# what are some cool cold water species?



## Mferko (Jun 8, 2010)

my wifes coworker wants to setup a 30 gallon tank without a heater, what options do they have for livestock?

thx

mike


----------



## Grete_J (Oct 5, 2010)




----------



## Mferko (Jun 8, 2010)

haha awesome im gonna send him that picture, pls keep other options coming tho  (even tho that axolotl would be my choice for sure)


----------



## TomC (Apr 21, 2010)

White Clouds, Pygmy Livebearers, Guppies, and Zebra Danios.


----------



## hp10BII (Apr 23, 2010)

Live barometers:

Weather Report - Keeping Misgurnus anguillicaudatus - Loaches Online


----------



## `GhostDogg´ (Apr 22, 2010)

I was gonna say Australoheros sp. Red Ceibal.
But they still need a lil heat, but pretty cool temps for a cichlid.

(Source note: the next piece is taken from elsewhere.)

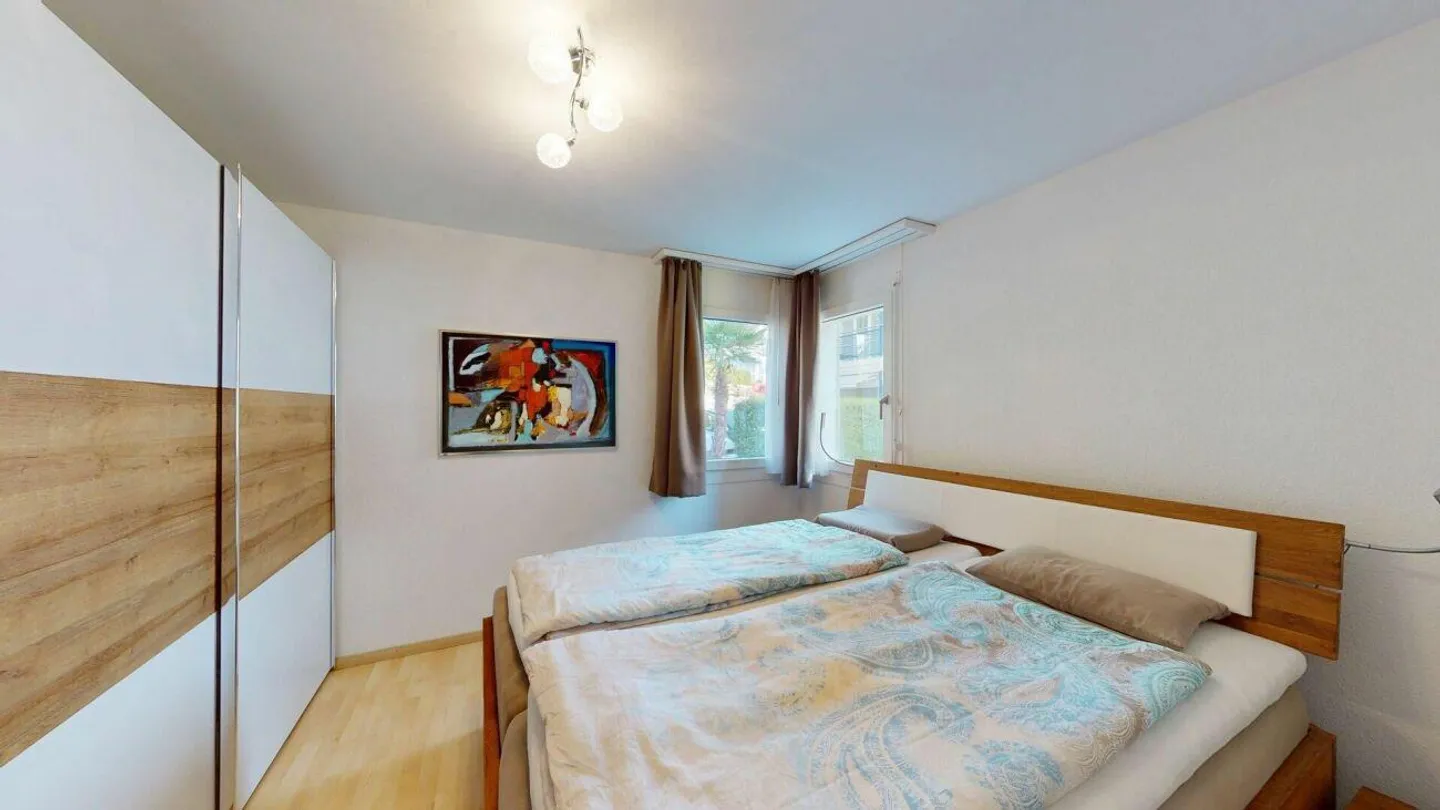 Bright Garden Apartment for Comfort - Photo 9 of 12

Kuhli loaches are crazy to watch when it's about to rain.
Think cories X 10. :bigsmile:
It's quite a show. :lol:


----------



## Kei (May 4, 2010)

like every thing, koi, guppies, white clouds, shrimps like every thing almost hahah


----------



## Ursus sapien (Apr 21, 2010)

you could keep an almost extinct species like this goodied


----------



## VinnyD (Apr 21, 2010)

TomC said:


> White Clouds, Pygmy Livebearers, Guppies, and Zebra Danios.

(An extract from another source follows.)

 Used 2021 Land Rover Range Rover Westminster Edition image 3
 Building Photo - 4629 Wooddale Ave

zebra danios are very active..hahaha..so if she likes fishes that swim like they are "kids playing tag after eating halloween candy"...

BTW..they are all types of zebra danios..long fin..regular...coloured..haha

guppies and white clouds are pretty hardy too...

dun mix goldfishes in with them tho..goldfishes, i heard...are poop machines


----------



## couch (Apr 22, 2010)

I am surprised that people are saying guppies. They are definitely tropical and prefer 75F
They are also most colourful in warmer temps.

Rich


----------



## darb (Apr 21, 2010)

hmmmm how about platies (platys sp?) then ....

Maybe also Chinese high fin banded shark, but they are monsters and I thought that I read that they were on the CITIES red lsit, but they are still widely sold.

Butterfly Goodieds sound interesting though, never heard of them before.


----------



## `GhostDogg´ (Apr 22, 2010)

Koi & Goldies not good for a 30G long term, & too much work to clean up IMO.

@ Couch
I agree with the Guppies in warm water, that's why I never mentioned bettas in this thread.


----------



## oakley1984 (Oct 10, 2010)

crayfish! 
eg cherax quadricarinatus


----------